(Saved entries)
┄┄┄┄┄┄

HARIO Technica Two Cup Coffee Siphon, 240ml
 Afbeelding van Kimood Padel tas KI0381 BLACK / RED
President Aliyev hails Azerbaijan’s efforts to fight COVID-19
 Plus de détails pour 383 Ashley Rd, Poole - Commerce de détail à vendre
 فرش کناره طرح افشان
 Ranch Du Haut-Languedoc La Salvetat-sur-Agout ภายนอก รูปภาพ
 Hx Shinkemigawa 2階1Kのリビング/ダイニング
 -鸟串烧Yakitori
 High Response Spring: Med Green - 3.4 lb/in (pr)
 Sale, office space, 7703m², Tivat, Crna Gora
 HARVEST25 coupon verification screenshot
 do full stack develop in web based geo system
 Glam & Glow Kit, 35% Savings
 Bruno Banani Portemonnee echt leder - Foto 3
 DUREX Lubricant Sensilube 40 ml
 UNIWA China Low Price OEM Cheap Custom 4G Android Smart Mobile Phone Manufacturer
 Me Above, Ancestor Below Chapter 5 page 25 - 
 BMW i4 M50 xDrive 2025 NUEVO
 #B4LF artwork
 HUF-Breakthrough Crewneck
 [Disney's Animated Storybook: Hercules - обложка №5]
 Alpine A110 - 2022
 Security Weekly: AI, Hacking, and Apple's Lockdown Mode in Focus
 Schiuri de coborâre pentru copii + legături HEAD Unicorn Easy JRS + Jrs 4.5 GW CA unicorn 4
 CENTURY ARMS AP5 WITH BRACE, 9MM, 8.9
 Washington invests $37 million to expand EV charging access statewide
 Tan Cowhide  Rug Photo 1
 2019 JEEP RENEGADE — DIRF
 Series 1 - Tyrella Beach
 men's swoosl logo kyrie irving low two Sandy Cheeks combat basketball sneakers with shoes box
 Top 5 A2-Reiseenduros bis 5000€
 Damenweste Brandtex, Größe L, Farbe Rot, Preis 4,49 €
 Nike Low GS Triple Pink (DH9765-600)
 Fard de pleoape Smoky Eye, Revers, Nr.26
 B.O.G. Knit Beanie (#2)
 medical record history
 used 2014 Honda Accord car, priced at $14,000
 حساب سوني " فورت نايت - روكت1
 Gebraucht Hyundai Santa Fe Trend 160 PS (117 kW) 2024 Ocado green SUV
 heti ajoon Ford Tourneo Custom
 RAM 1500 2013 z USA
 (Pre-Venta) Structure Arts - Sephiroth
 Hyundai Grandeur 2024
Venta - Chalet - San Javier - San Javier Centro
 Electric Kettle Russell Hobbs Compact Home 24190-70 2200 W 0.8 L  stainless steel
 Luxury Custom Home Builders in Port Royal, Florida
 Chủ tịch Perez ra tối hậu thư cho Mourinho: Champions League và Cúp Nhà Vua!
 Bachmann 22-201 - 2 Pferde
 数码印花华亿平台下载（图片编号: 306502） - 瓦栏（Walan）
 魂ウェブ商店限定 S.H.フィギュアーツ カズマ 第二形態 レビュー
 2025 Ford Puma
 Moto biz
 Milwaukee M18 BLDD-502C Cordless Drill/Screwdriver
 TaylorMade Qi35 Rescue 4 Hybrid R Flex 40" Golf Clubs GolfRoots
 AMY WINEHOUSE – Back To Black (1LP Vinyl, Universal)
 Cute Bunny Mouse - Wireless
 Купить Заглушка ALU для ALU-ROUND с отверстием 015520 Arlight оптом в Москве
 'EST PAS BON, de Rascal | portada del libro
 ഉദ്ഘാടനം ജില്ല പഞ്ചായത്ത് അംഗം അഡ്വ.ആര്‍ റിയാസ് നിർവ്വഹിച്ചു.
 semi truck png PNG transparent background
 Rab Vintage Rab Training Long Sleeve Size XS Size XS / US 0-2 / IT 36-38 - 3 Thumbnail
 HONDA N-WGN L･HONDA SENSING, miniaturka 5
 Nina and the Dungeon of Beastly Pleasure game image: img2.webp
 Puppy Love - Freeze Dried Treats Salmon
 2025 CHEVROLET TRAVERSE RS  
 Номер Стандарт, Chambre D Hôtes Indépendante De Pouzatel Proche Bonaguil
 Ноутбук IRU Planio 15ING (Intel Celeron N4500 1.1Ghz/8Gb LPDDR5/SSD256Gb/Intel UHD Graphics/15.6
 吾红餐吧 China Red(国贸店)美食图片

┄┄┄┄┄┄

:: What is being asked ::
Wherever the word "Venta" appears in a line of the data, copy that line.

:: Output ::
 (Pre-Venta) Structure Arts - Sephiroth
Venta - Chalet - San Javier - San Javier Centro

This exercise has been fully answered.